> [What to produce]: Copy the lines of the entries exactly, from the opening one to the one holding "Sport Red Metallic", and leave out everything after.

┌──

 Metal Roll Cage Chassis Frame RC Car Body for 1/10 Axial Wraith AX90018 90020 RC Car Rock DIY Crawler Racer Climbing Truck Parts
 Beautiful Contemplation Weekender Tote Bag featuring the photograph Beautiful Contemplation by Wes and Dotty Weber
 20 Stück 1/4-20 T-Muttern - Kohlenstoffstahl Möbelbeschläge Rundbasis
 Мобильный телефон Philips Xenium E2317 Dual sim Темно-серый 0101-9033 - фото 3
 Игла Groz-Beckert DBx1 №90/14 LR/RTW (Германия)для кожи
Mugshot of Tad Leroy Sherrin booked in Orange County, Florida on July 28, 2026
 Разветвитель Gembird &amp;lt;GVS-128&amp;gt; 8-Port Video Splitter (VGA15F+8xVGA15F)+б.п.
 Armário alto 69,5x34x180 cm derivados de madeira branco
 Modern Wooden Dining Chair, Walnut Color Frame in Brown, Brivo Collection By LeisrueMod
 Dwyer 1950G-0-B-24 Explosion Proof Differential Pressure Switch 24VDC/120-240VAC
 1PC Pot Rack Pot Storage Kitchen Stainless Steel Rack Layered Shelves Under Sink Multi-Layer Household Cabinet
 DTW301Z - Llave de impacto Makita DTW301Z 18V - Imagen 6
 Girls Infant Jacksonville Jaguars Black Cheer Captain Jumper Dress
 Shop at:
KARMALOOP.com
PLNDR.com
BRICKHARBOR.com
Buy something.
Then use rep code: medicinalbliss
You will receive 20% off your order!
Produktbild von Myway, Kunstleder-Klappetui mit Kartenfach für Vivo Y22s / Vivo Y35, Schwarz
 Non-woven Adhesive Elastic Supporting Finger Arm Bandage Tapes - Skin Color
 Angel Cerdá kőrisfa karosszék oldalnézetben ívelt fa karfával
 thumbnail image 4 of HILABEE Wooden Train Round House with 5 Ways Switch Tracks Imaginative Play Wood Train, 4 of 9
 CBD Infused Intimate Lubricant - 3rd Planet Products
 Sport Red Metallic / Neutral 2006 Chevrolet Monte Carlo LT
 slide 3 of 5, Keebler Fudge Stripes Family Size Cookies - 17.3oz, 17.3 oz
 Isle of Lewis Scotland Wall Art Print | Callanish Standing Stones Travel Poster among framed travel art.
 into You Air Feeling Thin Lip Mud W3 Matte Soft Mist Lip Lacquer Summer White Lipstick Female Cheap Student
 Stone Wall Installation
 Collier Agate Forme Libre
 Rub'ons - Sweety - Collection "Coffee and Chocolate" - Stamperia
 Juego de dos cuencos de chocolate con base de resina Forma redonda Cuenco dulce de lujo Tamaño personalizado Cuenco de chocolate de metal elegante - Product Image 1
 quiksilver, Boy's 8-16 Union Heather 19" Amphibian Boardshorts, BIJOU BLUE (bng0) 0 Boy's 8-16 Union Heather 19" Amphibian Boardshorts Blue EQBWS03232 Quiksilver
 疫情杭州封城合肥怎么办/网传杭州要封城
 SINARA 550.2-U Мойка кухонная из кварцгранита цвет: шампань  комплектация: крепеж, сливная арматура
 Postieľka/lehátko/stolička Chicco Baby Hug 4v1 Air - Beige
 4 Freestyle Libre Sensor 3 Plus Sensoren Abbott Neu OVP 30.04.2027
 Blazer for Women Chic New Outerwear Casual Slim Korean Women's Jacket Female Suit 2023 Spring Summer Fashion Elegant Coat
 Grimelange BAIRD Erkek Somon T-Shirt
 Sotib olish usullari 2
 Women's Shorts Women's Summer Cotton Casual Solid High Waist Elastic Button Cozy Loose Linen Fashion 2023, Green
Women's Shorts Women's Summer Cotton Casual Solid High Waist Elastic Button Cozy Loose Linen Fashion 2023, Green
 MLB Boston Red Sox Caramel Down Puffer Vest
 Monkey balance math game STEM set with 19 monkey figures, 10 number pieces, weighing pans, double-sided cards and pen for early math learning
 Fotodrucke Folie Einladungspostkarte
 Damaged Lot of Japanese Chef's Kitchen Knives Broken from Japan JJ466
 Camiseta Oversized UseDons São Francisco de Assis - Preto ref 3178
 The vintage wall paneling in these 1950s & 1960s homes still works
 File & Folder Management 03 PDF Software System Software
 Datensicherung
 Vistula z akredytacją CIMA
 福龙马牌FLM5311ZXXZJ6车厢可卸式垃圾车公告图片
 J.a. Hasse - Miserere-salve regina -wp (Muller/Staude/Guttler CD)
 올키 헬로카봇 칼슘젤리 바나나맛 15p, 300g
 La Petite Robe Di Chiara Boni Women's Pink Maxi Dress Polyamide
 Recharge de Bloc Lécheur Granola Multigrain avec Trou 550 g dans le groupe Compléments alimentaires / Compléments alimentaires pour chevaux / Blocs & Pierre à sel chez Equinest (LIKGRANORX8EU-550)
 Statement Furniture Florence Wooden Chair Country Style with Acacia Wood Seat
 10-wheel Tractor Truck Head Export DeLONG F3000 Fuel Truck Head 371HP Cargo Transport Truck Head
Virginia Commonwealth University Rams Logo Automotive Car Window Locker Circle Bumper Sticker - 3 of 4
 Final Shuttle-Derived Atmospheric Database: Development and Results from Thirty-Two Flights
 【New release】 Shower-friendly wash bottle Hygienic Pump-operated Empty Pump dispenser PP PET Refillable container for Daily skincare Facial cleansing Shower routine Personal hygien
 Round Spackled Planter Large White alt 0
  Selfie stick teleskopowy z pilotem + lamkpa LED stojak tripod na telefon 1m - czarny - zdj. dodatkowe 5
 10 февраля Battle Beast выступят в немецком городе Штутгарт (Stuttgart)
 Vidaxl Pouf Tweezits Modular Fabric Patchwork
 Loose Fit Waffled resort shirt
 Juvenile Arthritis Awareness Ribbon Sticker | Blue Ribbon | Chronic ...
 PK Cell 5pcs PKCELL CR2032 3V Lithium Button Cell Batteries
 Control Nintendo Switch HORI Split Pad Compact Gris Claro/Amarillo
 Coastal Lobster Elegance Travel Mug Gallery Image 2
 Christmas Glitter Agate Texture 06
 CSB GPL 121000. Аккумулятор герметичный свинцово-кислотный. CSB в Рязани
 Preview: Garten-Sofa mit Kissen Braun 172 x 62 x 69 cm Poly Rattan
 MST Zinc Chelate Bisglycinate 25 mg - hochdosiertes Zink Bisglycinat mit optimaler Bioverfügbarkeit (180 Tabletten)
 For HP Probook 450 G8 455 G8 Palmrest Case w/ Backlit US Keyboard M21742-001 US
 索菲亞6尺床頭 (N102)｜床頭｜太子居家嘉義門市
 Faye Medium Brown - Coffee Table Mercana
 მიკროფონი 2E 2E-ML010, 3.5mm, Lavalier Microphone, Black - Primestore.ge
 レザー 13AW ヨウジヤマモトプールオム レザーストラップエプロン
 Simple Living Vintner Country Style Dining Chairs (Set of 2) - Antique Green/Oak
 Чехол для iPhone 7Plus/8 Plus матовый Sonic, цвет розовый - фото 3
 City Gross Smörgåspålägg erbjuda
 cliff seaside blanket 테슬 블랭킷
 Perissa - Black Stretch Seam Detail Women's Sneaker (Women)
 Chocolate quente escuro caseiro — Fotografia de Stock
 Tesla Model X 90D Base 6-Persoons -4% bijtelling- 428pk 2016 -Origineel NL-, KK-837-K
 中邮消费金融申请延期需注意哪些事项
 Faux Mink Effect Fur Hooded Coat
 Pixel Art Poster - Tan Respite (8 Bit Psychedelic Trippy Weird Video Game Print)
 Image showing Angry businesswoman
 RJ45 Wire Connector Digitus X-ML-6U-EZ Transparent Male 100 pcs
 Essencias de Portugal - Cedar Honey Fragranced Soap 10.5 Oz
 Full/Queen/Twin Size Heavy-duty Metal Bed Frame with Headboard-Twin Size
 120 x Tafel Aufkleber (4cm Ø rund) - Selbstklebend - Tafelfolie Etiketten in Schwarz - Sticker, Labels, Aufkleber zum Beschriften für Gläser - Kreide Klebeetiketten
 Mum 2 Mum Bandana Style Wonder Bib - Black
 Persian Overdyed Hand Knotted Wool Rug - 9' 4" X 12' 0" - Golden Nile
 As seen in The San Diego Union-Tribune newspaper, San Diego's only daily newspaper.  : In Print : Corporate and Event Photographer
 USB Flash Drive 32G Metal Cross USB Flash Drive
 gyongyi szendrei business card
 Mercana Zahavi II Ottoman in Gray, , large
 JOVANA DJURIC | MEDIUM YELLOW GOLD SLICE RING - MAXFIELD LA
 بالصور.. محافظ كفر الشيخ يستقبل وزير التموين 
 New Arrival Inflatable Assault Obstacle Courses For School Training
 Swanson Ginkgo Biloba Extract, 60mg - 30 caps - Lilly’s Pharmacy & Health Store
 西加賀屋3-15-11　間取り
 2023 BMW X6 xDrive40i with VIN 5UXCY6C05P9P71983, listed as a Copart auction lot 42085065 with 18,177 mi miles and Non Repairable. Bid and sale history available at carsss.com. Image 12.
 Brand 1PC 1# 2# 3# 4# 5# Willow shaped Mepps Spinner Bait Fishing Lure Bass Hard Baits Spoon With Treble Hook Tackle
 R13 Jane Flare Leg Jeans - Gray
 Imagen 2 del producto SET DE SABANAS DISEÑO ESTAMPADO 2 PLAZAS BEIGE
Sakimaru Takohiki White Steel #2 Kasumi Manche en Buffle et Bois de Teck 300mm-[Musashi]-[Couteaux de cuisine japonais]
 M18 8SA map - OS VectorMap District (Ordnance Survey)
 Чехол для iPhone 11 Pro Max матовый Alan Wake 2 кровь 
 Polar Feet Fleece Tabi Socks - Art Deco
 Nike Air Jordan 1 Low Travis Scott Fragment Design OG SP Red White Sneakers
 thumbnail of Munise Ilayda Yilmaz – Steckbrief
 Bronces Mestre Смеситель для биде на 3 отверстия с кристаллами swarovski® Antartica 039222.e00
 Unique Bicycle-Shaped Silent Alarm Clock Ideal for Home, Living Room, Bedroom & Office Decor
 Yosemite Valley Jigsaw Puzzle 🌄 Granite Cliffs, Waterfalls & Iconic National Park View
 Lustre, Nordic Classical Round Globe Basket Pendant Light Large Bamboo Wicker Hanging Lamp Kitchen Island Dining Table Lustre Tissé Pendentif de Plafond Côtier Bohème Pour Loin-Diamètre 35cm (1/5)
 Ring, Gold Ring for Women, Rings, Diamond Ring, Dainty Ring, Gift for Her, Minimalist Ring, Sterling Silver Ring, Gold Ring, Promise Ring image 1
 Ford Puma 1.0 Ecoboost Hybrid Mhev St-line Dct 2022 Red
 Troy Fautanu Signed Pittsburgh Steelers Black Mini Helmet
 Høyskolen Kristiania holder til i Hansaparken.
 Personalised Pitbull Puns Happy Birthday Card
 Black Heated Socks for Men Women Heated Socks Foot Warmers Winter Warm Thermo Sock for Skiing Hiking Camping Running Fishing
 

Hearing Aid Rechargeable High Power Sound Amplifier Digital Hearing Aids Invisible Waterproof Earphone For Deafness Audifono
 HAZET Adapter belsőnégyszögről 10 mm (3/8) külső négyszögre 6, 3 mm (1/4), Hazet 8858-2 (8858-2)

└──

> [Written answer]:
 Metal Roll Cage Chassis Frame RC Car Body for 1/10 Axial Wraith AX90018 90020 RC Car Rock DIY Crawler Racer Climbing Truck Parts
 Beautiful Contemplation Weekender Tote Bag featuring the photograph Beautiful Contemplation by Wes and Dotty Weber
 20 Stück 1/4-20 T-Muttern - Kohlenstoffstahl Möbelbeschläge Rundbasis
 Мобильный телефон Philips Xenium E2317 Dual sim Темно-серый 0101-9033 - фото 3
 Игла Groz-Beckert DBx1 №90/14 LR/RTW (Германия)для кожи
Mugshot of Tad Leroy Sherrin booked in Orange County, Florida on July 28, 2026
 Разветвитель Gembird &amp;lt;GVS-128&amp;gt; 8-Port Video Splitter (VGA15F+8xVGA15F)+б.п.
 Armário alto 69,5x34x180 cm derivados de madeira branco
 Modern Wooden Dining Chair, Walnut Color Frame in Brown, Brivo Collection By LeisrueMod
 Dwyer 1950G-0-B-24 Explosion Proof Differential Pressure Switch 24VDC/120-240VAC
 1PC Pot Rack Pot Storage Kitchen Stainless Steel Rack Layered Shelves Under Sink Multi-Layer Household Cabinet
 DTW301Z - Llave de impacto Makita DTW301Z 18V - Imagen 6
 Girls Infant Jacksonville Jaguars Black Cheer Captain Jumper Dress
 Shop at:
KARMALOOP.com
PLNDR.com
BRICKHARBOR.com
Buy something.
Then use rep code: medicinalbliss
You will receive 20% off your order!
Produktbild von Myway, Kunstleder-Klappetui mit Kartenfach für Vivo Y22s / Vivo Y35, Schwarz
 Non-woven Adhesive Elastic Supporting Finger Arm Bandage Tapes - Skin Color
 Angel Cerdá kőrisfa karosszék oldalnézetben ívelt fa karfával
 thumbnail image 4 of HILABEE Wooden Train Round House with 5 Ways Switch Tracks Imaginative Play Wood Train, 4 of 9
 CBD Infused Intimate Lubricant - 3rd Planet Products
 Sport Red Metallic / Neutral 2006 Chevrolet Monte Carlo LT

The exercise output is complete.